By Yoon Ja-young
The government will allow highly skilled foreign professionals to stay in Korea for longer periods. They can invite more family members to Korea and their spouses will also be permitted to get jobs such as language instructors.
These are some of the measures to attract talented and highly skilled foreign workers, unveiled Wednesday.
"The government will overhaul the visa system for each profession, to favor foreign professionals who have demonstrated ability," Strategy and Finance Minister Yoo Il-ho said at an economy-related ministers' meeting.
The announcement comes amid concerns that Korea will face shortages in its talented workforce.
Highly skilled workers are essential for the Fourth Industrial Revolution, but Korea faces problems of low birthrate and an aging population. Lack of workers is also a chronic problem at small- and medium-sized enterprises.
While the number of foreigners staying in Korea has been growing steeply, from 1.4 million in 2011 to over 2 million in 2016, only a few of them, or 48,000, are categorized as professionals. Most of the 48,000 are language instructors or chefs, while professors and researchers only account for 12 percent.
They don't stay in Korea for lengthy periods, either. Over half of foreign professionals stay here less than three years, while only 6 percent stay for more than 10 years.
The government noted that the current visa system is not organized well enough to attract highly skilled professionals. For instance, it does not distinguish between world-class chefs working at five-star hotels and ordinary cooks. They are subject to the same visa system.
The government plans to overhaul the visa system this year, to favor professionals with expertise who earn high incomes. For instance, they can currently invite only their spouses and children, but the invitation visa will be expanded to include their parents and spouses.
Experts have been pointing out that Korea is not an attractive option for foreign professionals in terms of language, culture or job opportunities for their spouses.
For instance, spouses of foreign professionals cannot get jobs as English instructors even if they are fluent in English, unless they come from one of the seven English-speaking countries including the United States, the United Kingdom, Canada and Australia. The government plans to open the system up for those from other countries as long as they meet certain qualifications.

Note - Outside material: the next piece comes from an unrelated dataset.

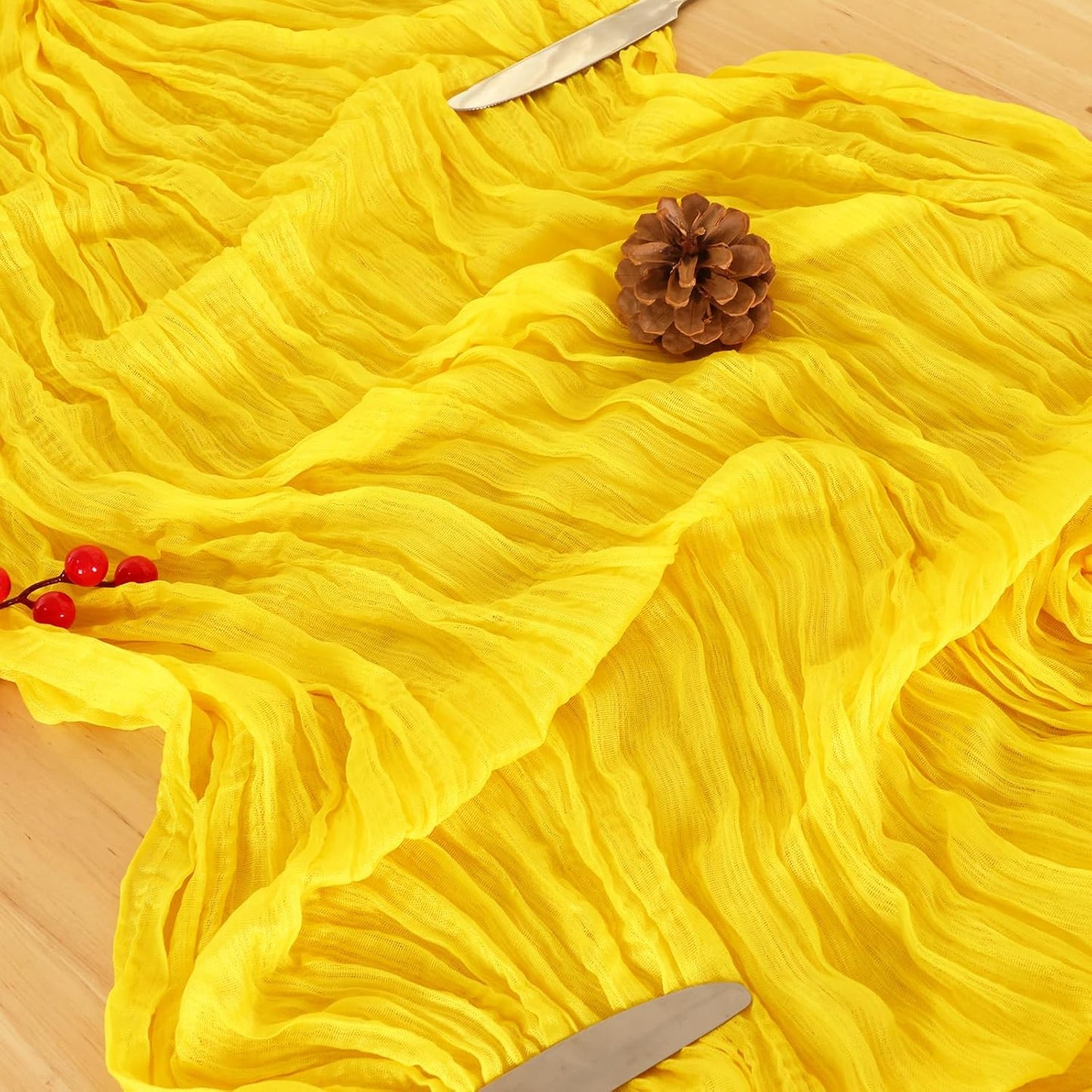 Yellow Cheesecloth Table Runner 120 Inch 10FT Cheese Cloth Fabric Runners 1 Pack for Spring Home Decor, Baby Shower, Birthday, Wedding Decoration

"While the spouses don't have many job opportunities, the restrictions have been too strict regarding which jobs they can get," the government explained in the media release.
Spouses of foreign graduate students majoring in science or engineering will also be allowed to get jobs in diverse sectors.
The government also came up with plans to attract more foreign students in science and engineering. It looks to expand scholarship programs for Central Asians, Southeast Asians and Africans. Those who intend to work in Korea will be given advantages in admission to graduate schools.